Fisher brought Sloan photographs. They had a new entry-level Cadillac for spring 1927 called the LaSalle, part of Sloan's effort to fill holes in GM's price range. They hired Earl as a consultant to design a car as beautiful as his customs. While he was in Detroit, Fisher showed him working drawings of the 1927 Cadillacs. Fisher and Sloan now feared these would be overshadowed by Earl's LaSalle. Harley pronounced the Cadillacs drab but thought that fitting wire wheels would at least lower them, making them appear longer and more dramatic. He suggested using bright paint. Cadillac in 1924 had offered three colors for its model range. "Hollywood Harley" recommended they offer cars in any of 500 color and interior options.
The LaSalle turned heads and brought the buyers into showrooms. Sales of the Cadillacs brought Earl back to General Motors to head Sloan's newest creation, the Art and Colour Section, starting on July 27, 1927. Answering only to Sloan, he was to direct the design of general production cars and do research and development work by creating additional special car designs.
Not until September 1940 did his promotion to vice president of a renamed styling section give him the title to match his impact. This came partially as the result of a highly visible failure in 1929. Earl designed a car for Buick, GM's most profitable division since 1918. He intended for the car body to fit down inside the chassis, but the engineering department "redesigned" it so it would mount onto its existing chassis without any additional work. Preoccupied by design assignments that followed the Buick, Earl never saw the car after its designs left his studio in late 1927.
The design would have been a gorgeous and bold leap from the previous model. With engineering's revisions, it was a disaster, quickly dubbed the "pregnant Buick." Division sales plummeted and Sloan pulled it from production after only one year. The damage was brutal; the Depression, which began in October 1929, hit Buick the hardest of any GM division, turning the once profitable nameplate into a money-losing division.
Earl escaped unscathed. Sloan reacted decisively. He tightened his authority over manufacturing and production engineers. The Buick clarified for everyone the impact of successful and awful design. It fathered another GM innovation: the annual model change. Previously, successful car builders updated their models whenever improvements were ready, generally shutting down production to instigate the changes. Sloan first observed this new effect in 1924 among weaker competitors Hudson, Dodge, and Chrysler, who, in that year's shrinking market, brought out new models with heavy promotion and experienced a healthy and enduring surge in sales. Sloan's sales department began to capitalize on this phenomenon. "Each year," he wrote in his autobiography, "we build the best car we possibly can to satisfy our customer, and then the next year we build another to make him dissatisfied." There was sound Sloan-Brown business sense to this. "The primary object of the corporation," he wrote, "was to make money, not just to make motor cars."

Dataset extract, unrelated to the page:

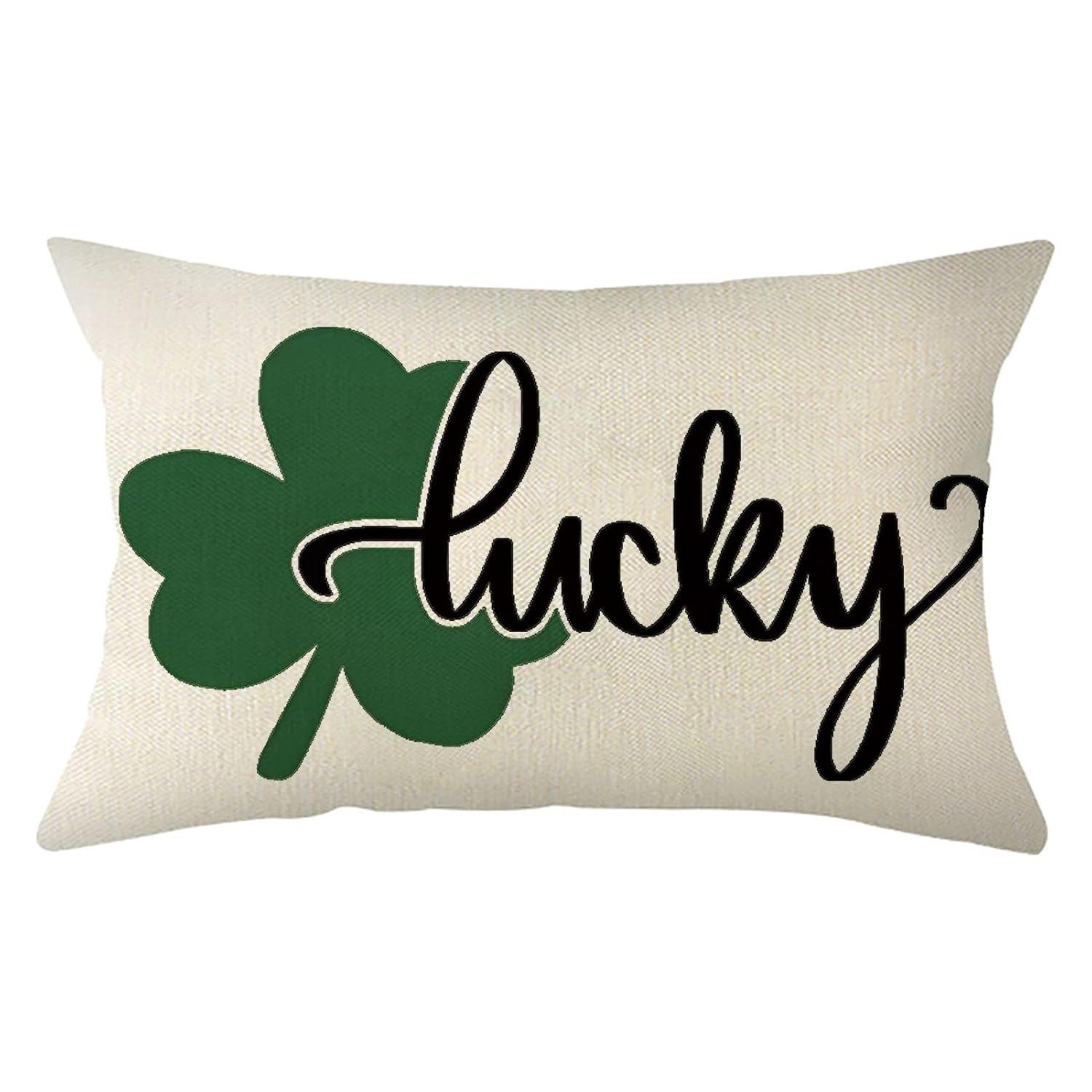 Ogiselestyle St Patricks Day Lucky Throw Pillow Cover 12 x 20 Inch Shamrock Cushion Case Decoration for Sofa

When Earl's 1933 Chevrolets were introduced, the public, startled by the bulging curves and uneasy proportions of the 1929 Buick, loved them. People called the cars stylish, judging the overall design unified. The success of these cars led the public to label their creators "stylists."
Some within GM called Earl's department "the beauty parlor," but their opinions changed as year-end reports tallied each division's performance. Sloan was an advocate from the start, and Earl's influence grew.
"For a long while," Sloan wrote, "the Art and Colour Section occupied quarters in the General Motors Building Annex in Detroit. The focal point of the work area was the blackboard room. To this room came executives from Fisher Body and every car division. We were all window-shoppers in the Art and Colour 'sales' rooms," he continued. "Art and Colour was proposing new designs, presenting new idea sketches, selling progress. As time went by more and more of these ideas appeared to be feasible."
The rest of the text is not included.